Good thing you and your family are all safe! Glad to hear things are progressing! Hang in there, your family is lucky to be in an area of great support and compassion - AMERICA ! God Bless and take care of yourselves!!


----------



## Justman (Jul 22, 2006)

Wow! Sounds like you guys pulled together and did what a community is supposed to do! Unlike other certain communities that have been hit by disasters.

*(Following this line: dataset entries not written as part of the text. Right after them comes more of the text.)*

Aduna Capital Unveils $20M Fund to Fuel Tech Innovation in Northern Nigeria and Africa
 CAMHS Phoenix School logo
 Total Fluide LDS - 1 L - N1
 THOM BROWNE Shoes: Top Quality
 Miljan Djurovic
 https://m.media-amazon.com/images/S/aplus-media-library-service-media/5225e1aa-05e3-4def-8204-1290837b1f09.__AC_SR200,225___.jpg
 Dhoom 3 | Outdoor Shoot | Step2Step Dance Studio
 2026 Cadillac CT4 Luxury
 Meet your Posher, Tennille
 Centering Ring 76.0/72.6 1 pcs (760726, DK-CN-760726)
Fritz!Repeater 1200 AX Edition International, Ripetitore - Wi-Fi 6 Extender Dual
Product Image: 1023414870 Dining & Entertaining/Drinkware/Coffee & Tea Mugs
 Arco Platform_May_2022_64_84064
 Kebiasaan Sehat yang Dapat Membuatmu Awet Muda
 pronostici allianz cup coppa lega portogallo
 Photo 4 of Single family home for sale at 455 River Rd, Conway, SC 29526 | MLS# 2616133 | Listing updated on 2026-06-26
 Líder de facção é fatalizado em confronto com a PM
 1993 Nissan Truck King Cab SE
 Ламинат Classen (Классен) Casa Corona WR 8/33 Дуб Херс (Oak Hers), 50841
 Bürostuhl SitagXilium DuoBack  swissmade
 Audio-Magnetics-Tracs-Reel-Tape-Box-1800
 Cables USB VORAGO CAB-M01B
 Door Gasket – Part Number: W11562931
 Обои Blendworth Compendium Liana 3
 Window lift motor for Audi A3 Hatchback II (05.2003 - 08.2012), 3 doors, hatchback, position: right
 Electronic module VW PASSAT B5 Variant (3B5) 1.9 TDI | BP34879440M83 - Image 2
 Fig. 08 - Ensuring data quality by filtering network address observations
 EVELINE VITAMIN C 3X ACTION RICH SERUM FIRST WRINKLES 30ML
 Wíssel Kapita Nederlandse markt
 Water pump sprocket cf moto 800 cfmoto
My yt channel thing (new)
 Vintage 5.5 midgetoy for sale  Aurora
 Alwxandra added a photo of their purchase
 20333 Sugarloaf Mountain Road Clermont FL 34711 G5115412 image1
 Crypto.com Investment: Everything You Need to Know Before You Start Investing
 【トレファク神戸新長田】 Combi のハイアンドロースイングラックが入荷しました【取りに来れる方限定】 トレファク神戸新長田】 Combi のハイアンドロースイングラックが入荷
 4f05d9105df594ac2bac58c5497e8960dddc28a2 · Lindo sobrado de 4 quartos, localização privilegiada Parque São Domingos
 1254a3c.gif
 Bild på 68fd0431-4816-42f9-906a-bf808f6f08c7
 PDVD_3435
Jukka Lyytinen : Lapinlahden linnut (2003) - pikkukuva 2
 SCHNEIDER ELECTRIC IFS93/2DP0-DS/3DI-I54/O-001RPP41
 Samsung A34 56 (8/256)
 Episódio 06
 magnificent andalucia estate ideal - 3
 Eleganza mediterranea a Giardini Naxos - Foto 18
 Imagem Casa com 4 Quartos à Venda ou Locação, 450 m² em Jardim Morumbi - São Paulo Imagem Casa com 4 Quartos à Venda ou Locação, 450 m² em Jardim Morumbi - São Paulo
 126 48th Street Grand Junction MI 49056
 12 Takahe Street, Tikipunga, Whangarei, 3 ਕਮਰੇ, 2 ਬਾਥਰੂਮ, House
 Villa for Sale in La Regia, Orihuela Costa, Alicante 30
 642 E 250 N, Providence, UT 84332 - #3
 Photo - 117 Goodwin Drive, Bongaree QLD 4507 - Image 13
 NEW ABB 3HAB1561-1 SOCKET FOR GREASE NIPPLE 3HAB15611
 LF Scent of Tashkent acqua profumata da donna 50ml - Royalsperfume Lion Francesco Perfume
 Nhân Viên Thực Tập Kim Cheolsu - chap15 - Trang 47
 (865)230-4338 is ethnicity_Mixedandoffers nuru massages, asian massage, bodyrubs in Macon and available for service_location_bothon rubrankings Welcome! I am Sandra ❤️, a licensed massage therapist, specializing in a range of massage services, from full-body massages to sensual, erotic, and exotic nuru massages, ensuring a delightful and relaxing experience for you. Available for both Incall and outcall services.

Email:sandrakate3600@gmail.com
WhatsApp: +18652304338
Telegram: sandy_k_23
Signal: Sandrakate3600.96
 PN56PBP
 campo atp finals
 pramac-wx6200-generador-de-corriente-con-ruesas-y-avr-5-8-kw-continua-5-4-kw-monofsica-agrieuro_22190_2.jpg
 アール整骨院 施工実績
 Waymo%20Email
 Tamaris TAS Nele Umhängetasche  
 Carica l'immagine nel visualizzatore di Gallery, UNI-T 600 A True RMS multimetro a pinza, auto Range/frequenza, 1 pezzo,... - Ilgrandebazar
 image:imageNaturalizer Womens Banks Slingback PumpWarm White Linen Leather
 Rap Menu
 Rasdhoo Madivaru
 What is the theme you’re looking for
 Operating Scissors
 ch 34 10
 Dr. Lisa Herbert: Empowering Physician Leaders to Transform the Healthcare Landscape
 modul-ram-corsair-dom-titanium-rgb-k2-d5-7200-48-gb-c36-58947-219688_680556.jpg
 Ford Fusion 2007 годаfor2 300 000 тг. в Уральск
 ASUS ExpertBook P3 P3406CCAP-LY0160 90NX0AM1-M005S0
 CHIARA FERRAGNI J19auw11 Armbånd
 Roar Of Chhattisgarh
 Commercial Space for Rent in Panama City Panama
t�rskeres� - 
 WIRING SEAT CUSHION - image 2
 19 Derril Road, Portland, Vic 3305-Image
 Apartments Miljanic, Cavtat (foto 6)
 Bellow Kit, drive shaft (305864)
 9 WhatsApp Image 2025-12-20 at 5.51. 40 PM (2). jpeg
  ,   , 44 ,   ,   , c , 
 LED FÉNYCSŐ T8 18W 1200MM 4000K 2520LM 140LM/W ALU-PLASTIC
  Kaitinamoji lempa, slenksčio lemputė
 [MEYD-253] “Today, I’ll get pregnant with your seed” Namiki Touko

It's nice to realize there are still communities out there that don't wait on outside assistance or the "government" to help out...


----------



## nonny (Aug 14, 2005)

How frightening that must have been making the long drive not knowing what you'd find when you got there. It sounds like that community is alot like my former neighborhood. So glad it wasn't worse for your family. God bless all of you and all who are facing natural disasters across our country, including my sister's community of Eureka, MO.


----------



## mountainlady56 (Feb 13, 2006)

Glad, according to the article and video, that no one was hurt. I know it's terrible, but material things can be replaced, but people can't. Sounds like you are lucky to live in a community that works together at times like that. I'll keep all those recently affected by storms in my prayers. Keep us posted!!
Darlene


----------



## sl1960a (Nov 13, 2007)

What a great story!! My prayers go out to you, your family, and your neighbors and friends.


----------



## tdvffjohn (Mar 10, 2005)

True American spirit at work









Unfortunately for the gov't help, they get bound by too many regulations as do s and don t s and common sence get thrown out the window.

John


----------



## Crawfish (Sep 14, 2005)

Jim, glad to hear everyone is Ok. I can imagine how you and Cathy felt when she got that phone call and then got cut off. Margaret and I was praying everyone would be Ok. We though about y'all the whole trip home from GA Vets. Houses can be replaced but lives can not. What can we say about the South, neighbor helping neighbor, that is what we are all about. I think the government should stand back and watch and learn how it should be done. The South can teach them a lot.

Leon


----------